Poxy - 02 Oct 2006 15:09 GMT > > Okay, so I'm kind of a beginner... so what materials do you absolutly > > NEED to start a glow engine? The manual says I need a glow starter and [quoted text clipped - 6 lines] > And tough fingers. > And patience. I've found with .40 and larger 2-strokes that once the engine is run in, you can hand start them by gripping just the nosecone (so no fingers in the prop) and flicking the prop backwards, bouncing it back off the compression. It takes a little practice and technique, and you have to have a reliable priming routine, but it makes for a very quick and safe way to start a motor. Of course, if the needle valve is out of whack, or it's flooded, all bets are off :(
Frank Schwartz - 02 Oct 2006 15:12 GMT Somebody wrote "Grip the nose cone...". Come on now, gentlemen. Nose cones are on rockets and SPINNERS are attached to the propellor..... Let's call it what it is....and this instance is almost as bad as the people who call their R/C Transmitter a "Controller". My gosh, it is a transmitter, and to be specific, the operator is the "controller".... This ought to get things started.......... Frank Schwartz
MK - 02 Oct 2006 23:06 GMT > Somebody wrote "Grip the nose cone...". Come on now, gentlemen. Nose > cones are on rockets and SPINNERS are attached to the propellor..... [quoted text clipped - 4 lines] > This ought to get things started.......... > Frank Schwartz Yeah, I'll bite. So does the P-38 have a nose cone? Does my glider?
:) mk
Frank Schwartz - 03 Oct 2006 00:53 GMT >> Somebody wrote "Grip the nose cone...". Come on now, gentlemen. Nose >> cones are on rockets and SPINNERS are attached to the propellor..... [quoted text clipped - 8 lines] >:) >mk Well, if my information is correct, a spinner has ALWAYS referred to the rounded or pointed fitting on the propellor. As for nose cones, I, again, without historical backup, have to rely on the information at hand and that is, that a nose cone is the front end of a rocket. As for the front end of the P-38 and your glider...I suggest that it is called simply, "the nose"....but never a nose cone... Actually, I dont think the word "nose cone" came into being until rockets... Frank Frank
Ed Cregger - 03 Oct 2006 05:36 GMT >>> Somebody wrote "Grip the nose cone...". Come on now, gentlemen. Nose >>> cones are on rockets and SPINNERS are attached to the propellor..... [quoted text clipped - 17 lines] > dont think the word "nose cone" came into being until rockets... > Frank Ah, you must be speaking in "old school".

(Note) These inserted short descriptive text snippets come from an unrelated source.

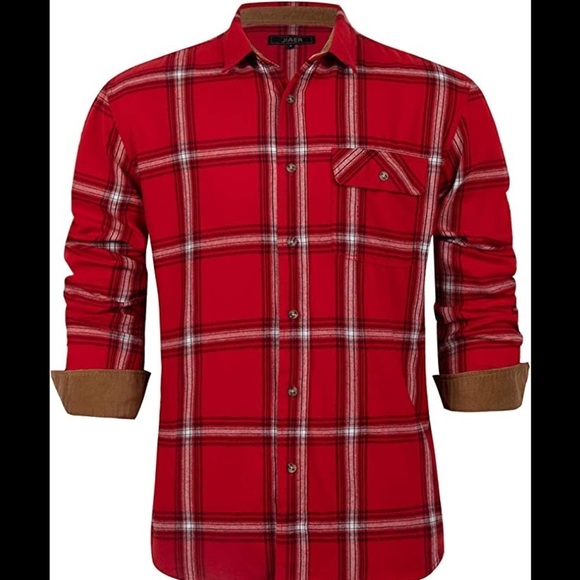 New Mens Flannel Sweater w Tags Plaid Button Closure - Picture 1 of 1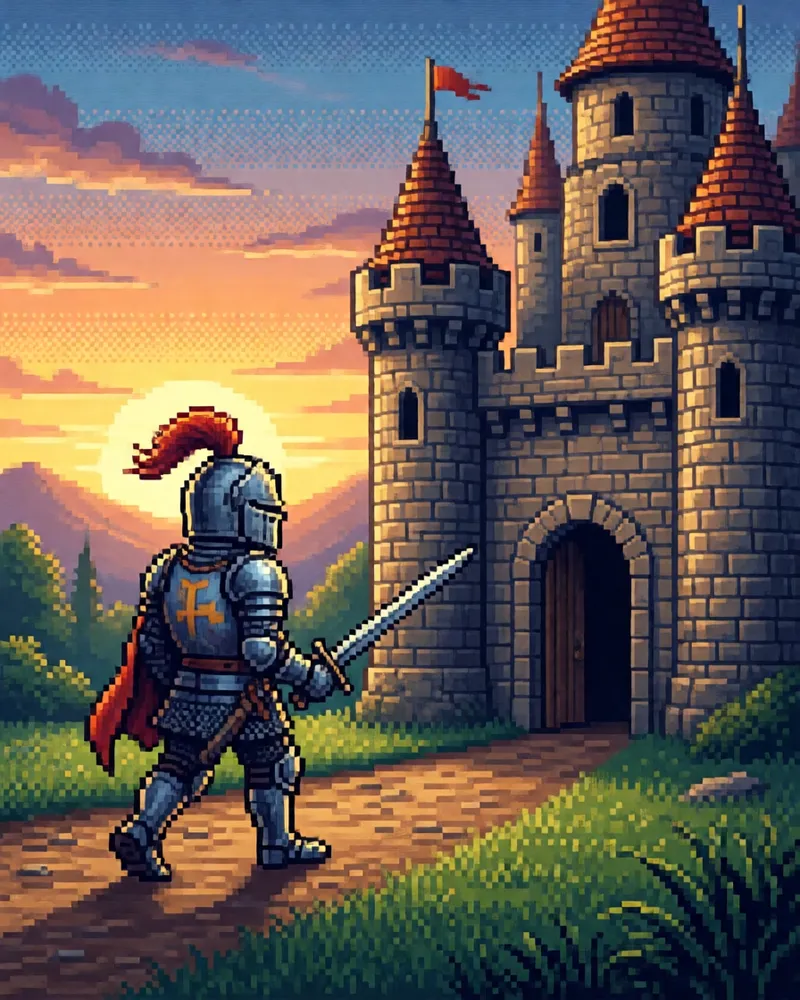 Exemplo do estilo Pixel art 16 bits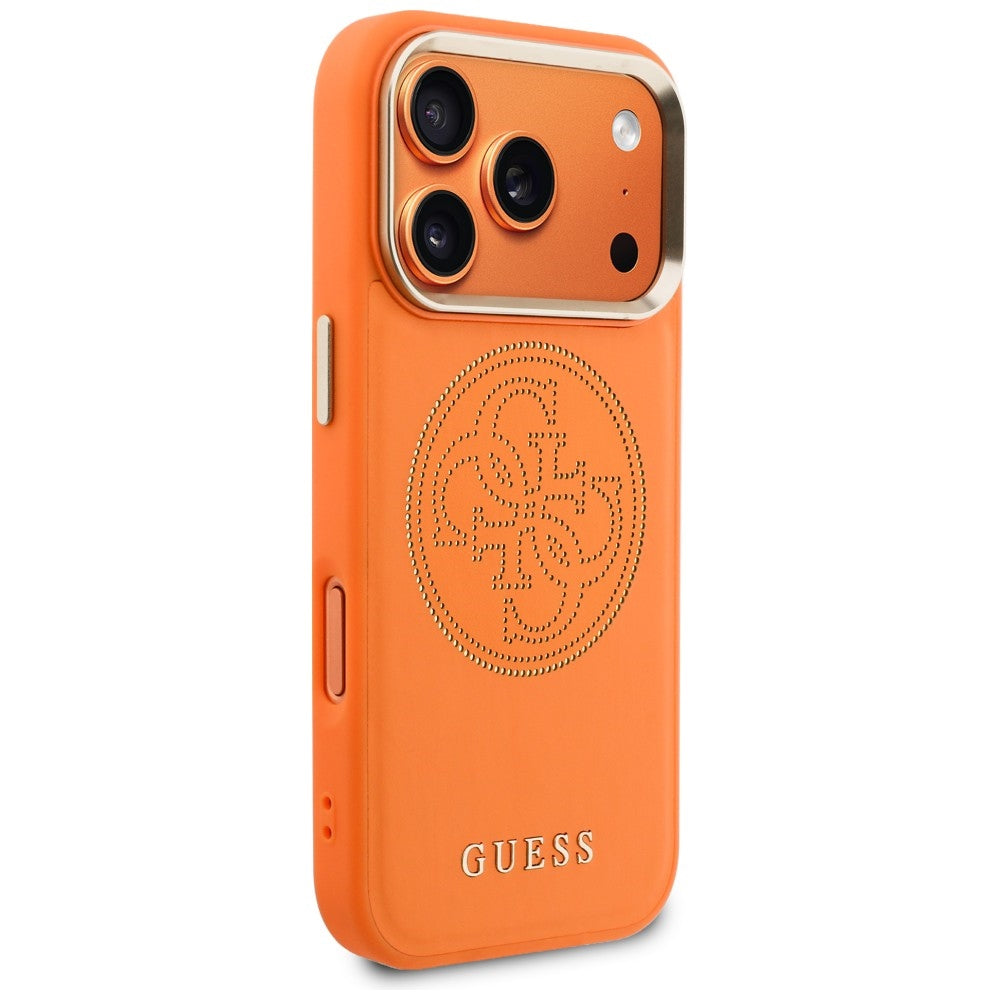 Guess GUHMP17X5PG4SRGO Perforated 4G MagSafe for iPhone 17 Pro Max Orange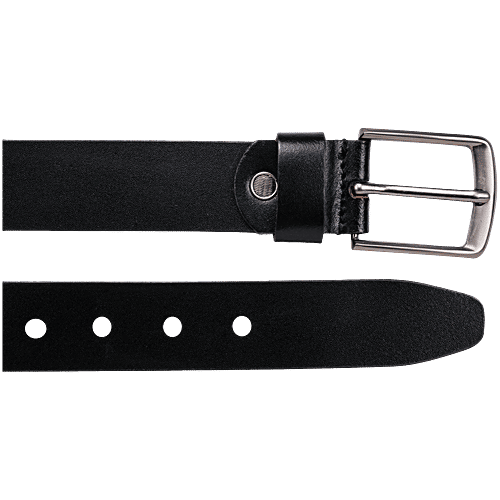 Ally Carter Men Leather Belt - Black, 1 pc (Size - 38) 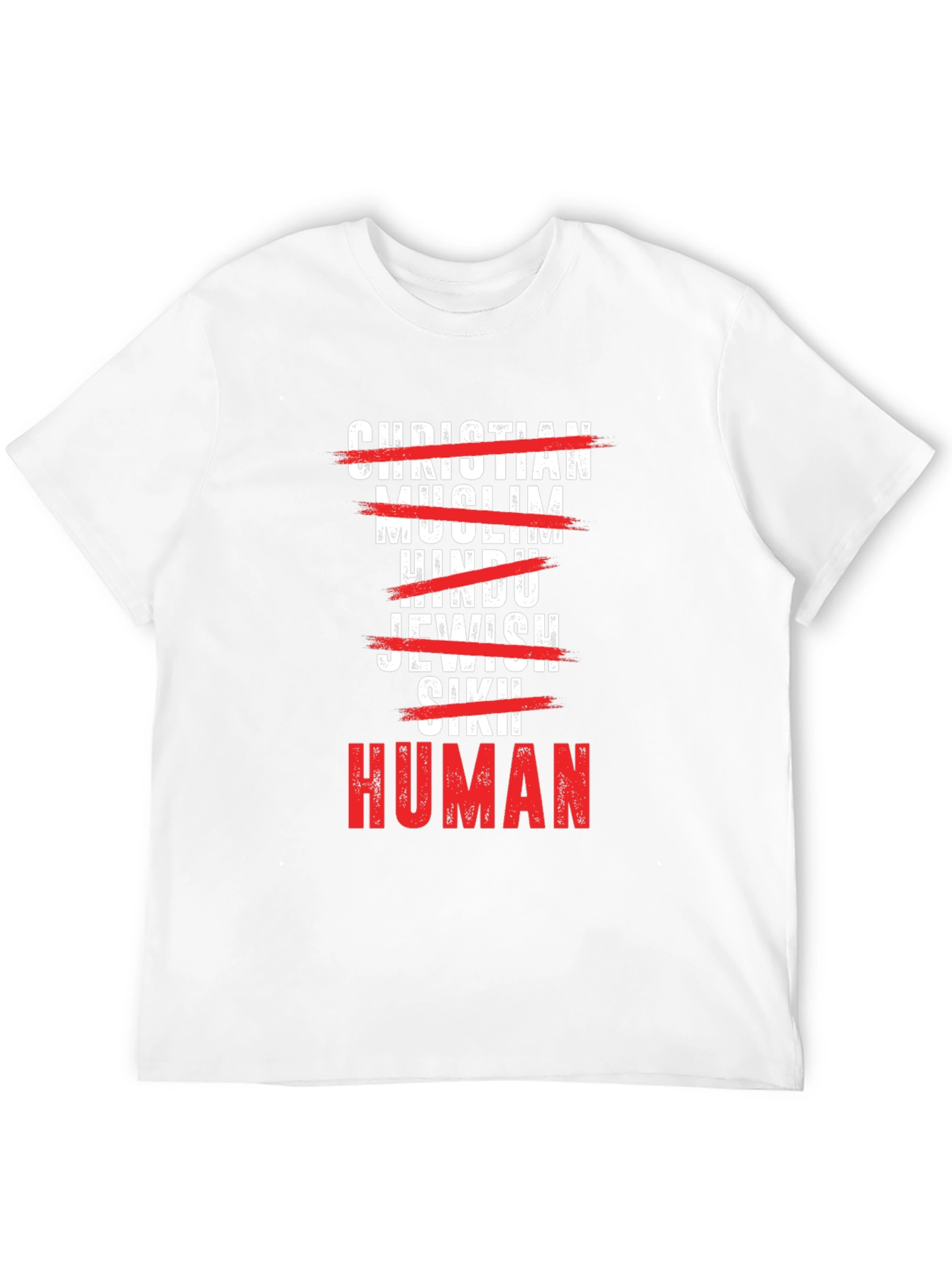 Black Human T-Shirt: Religious Equality, Soft Cotton Blend view 12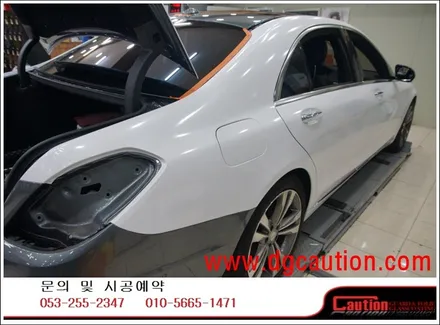 벤츠 S500 4MATIC 전체 다이아몬드 화이트 시공입니다.  #ppf #대구PPF #랩핑 #대구랩핑 #카스킨 #대구카스킨 / 대구 수성구 황금동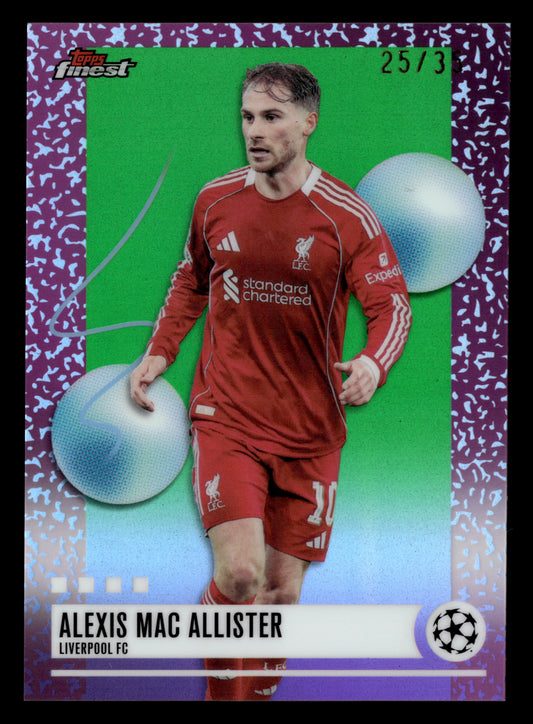 2025-26 Finest UCC #352 Alexis Mac Allister Green Refractor #/35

Today's models are powered by nitroglycerine burning engines and are equipped with nose cones. <G>
Ed Cregger
Poxy - 03 Oct 2006 09:17 GMT > Somebody wrote "Grip the nose cone...". Come on now, gentlemen. Nose > cones are on rockets and SPINNERS are attached to the propellor..... > Let's call it what it is....and this instance is almost as bad as the > people who call their R/C Transmitter a "Controller". My gosh, it is > a transmitter, and to be specific, the operator is the > "controller".... This coming from someone who I suspect puts a petroleum-derived fuel in its liquid state into his vehicle and refers to said fuel as "gas"?
I used the term because I thought the original poster might find it easier to understand what I was referring to than "spinner".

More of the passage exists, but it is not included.